This is quite the thriller, with a fascinating documentation of how scientists can be gradually corrupted by the heady power of convincing the UN, world leaders, and (to a slightly lesser extent) the people of the world that we are headed for disastrous climate change and must undertake supreme efforts within the next decade or condemn our grandchildren to famine, flood, and hurricanes. Mosher was near the heart of the early confused reception of the Climategate emails, when the leaker (Mosher presents strong reasons for it being a leaker, not a hacker)attempted time and again to get his message out (even, ironically, including sending the link to the main blog for the defenders of the status quo) and no one paid any attention. The leaker sent one message ("And then a miracle occurred") with a link to the documents and no one clicked the link! Finally Mosher and others began cautiously reading, wondering if this was a hoax, calling persons whose emails they were reading to see if they were authentic, and gradually realizing that this was the break of a lifetime, akin to the release of the Pentagon Papers. The book is valuable just for bringing the readers in to the middle of this white-hot period.
The remainder of the book is a fairly complete chronological history of the emails with a reasonable effort at explaining the backstory for the general reader. It was of course thrown together in a very short time and shows it. (So I give it only 4 stars). The co-authors describe themselves as "Lukewarmers", neither alarmists not denialists, accepting that global warming is occurring but not convinced it is mostly caused by man and not convinced that superhuman efforts are all that can save the planet. The larger story here is an almost Shakespearean tragedy as the scientists at the heart of the story become more and more desperate to keep the millions of dollars in research funds coming despite the awareness that their models are not working. No doubt this will take years to be sorted out, as the most prestigious science journals of our time gradually come to realize they fell into a scientific consensus built on sand.

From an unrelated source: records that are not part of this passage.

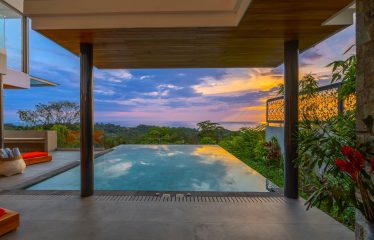 LUXURY PROPERTY WITH FOUR BEDROOM, AND PANORAMIC VIEWS OF THE OCEAN, IN PLAYA HERMOSA – 0.72 ACRES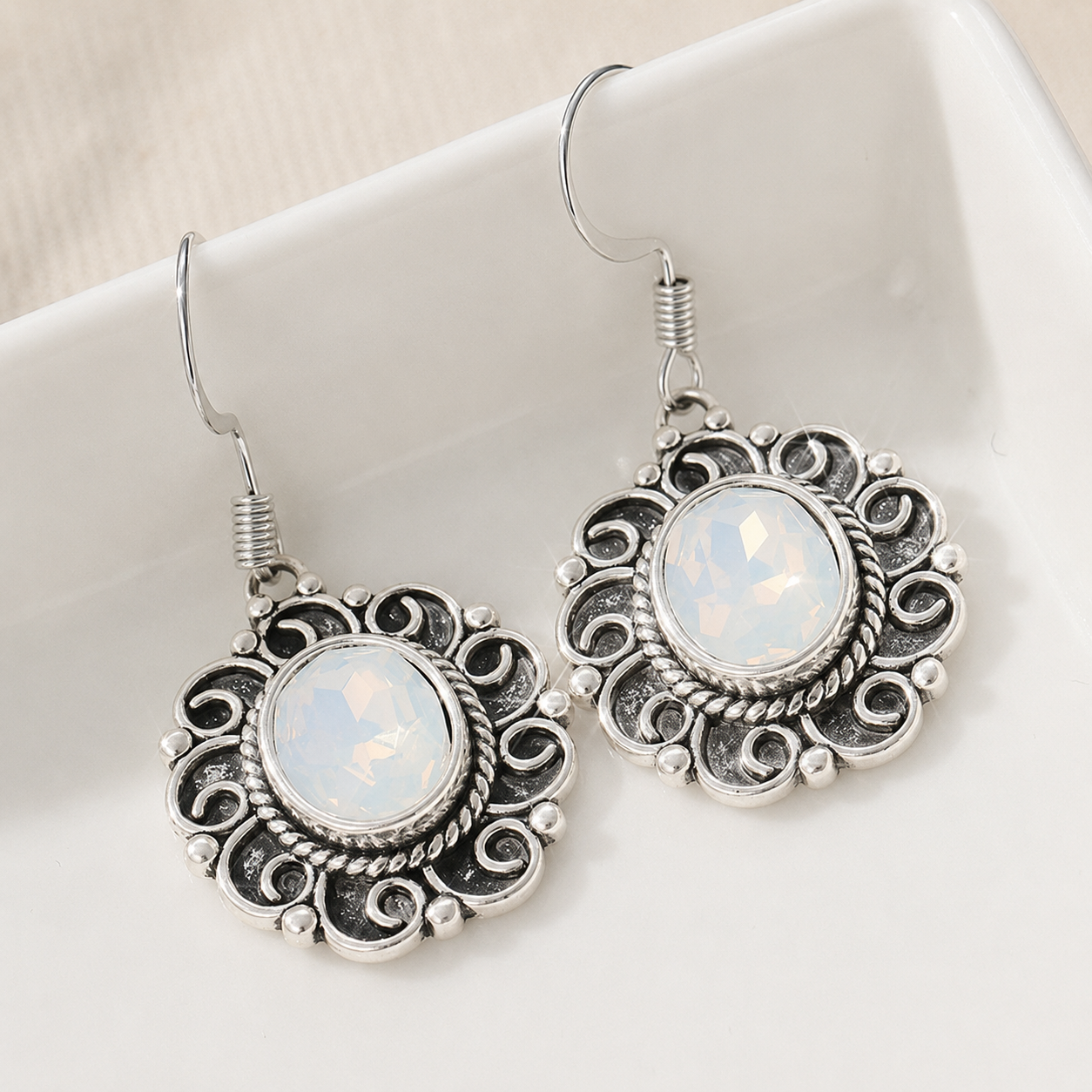 Ilaria White Gold Pearl Earrings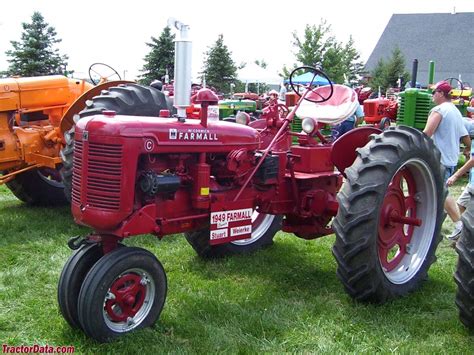 tractordatacom farmall  tractor  information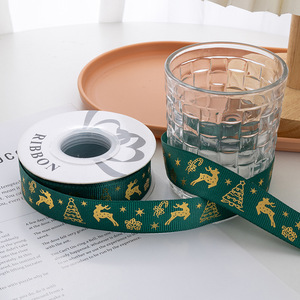Rollos de cinta decorativa temática navideña con estampado dorado de 2,5 cm para envolver regalos y manualidades - Product Image 5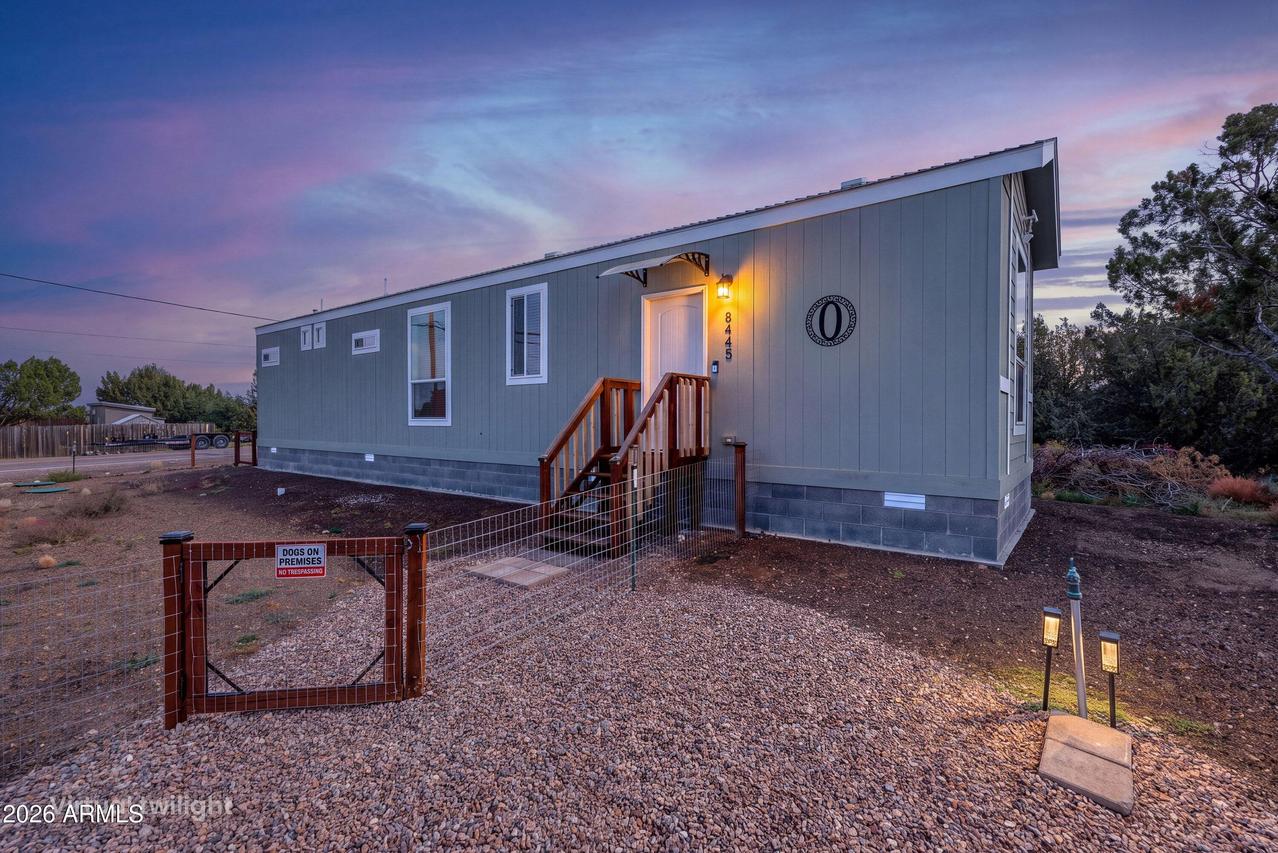 8445 Apache Dr., Show Low, AZ 85901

As an astrophysicist, I learned long ago of the Milankevitch cycle, which has led to about 7 Ice Ages lasting about 100,000 years each in the last million years, and which it seems will inevitably lead to another one down the road. Do we think we can change the precession of the poles (Vega will be the North Star in 13,000 years), the wobble of the angle of the North Pole, or the variation of the eccentricity of the Earth's orbit? If we can't, there's some serious global cooling ahead.